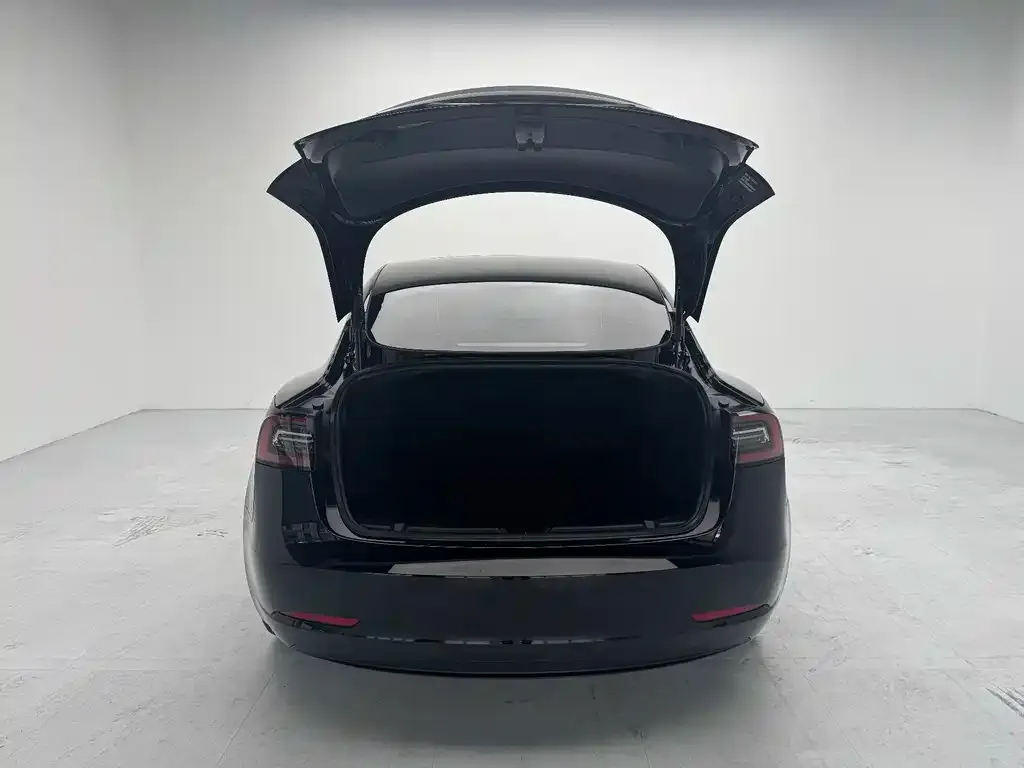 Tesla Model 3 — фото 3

--

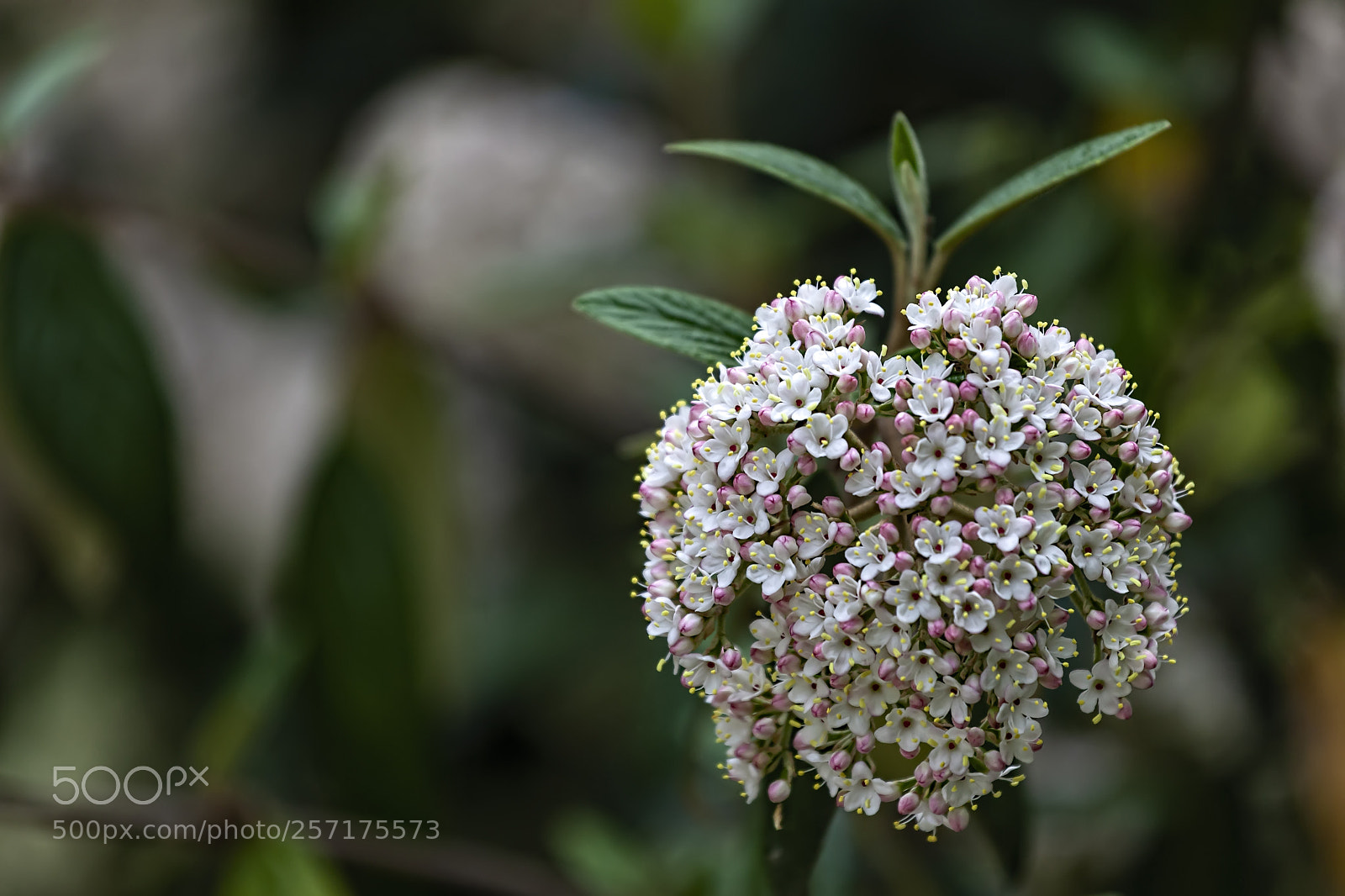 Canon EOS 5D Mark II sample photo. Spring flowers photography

* * *

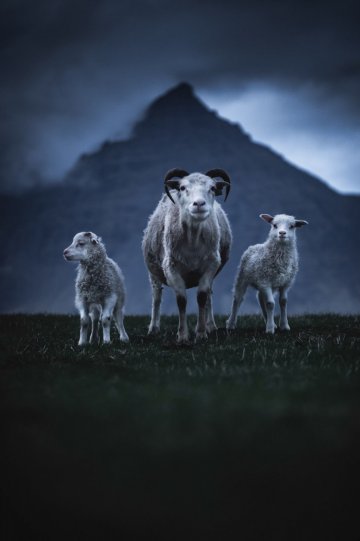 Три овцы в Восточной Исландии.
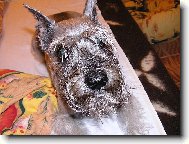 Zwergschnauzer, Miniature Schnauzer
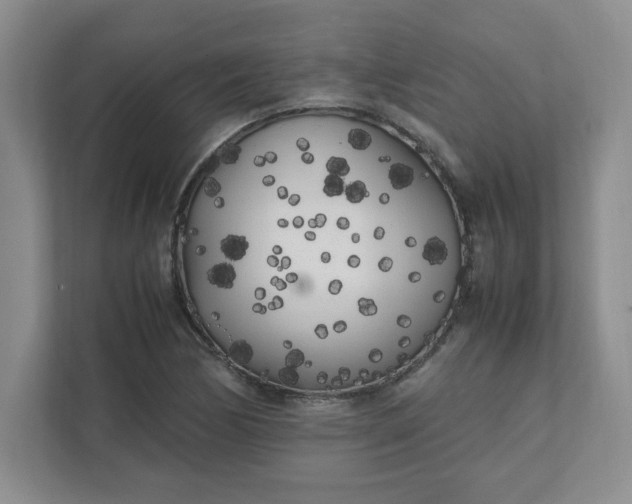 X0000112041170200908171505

> [What to work on]
Look above for the line containing "Три овцы в Восточной Исландии.", then write out every line from there down to the line containing "X0000112041170200908171505", that line included, with no pictures.

> [Expected answer]
 Три овцы в Восточной Исландии.
 Zwergschnauzer, Miniature Schnauzer
 X0000112041170200908171505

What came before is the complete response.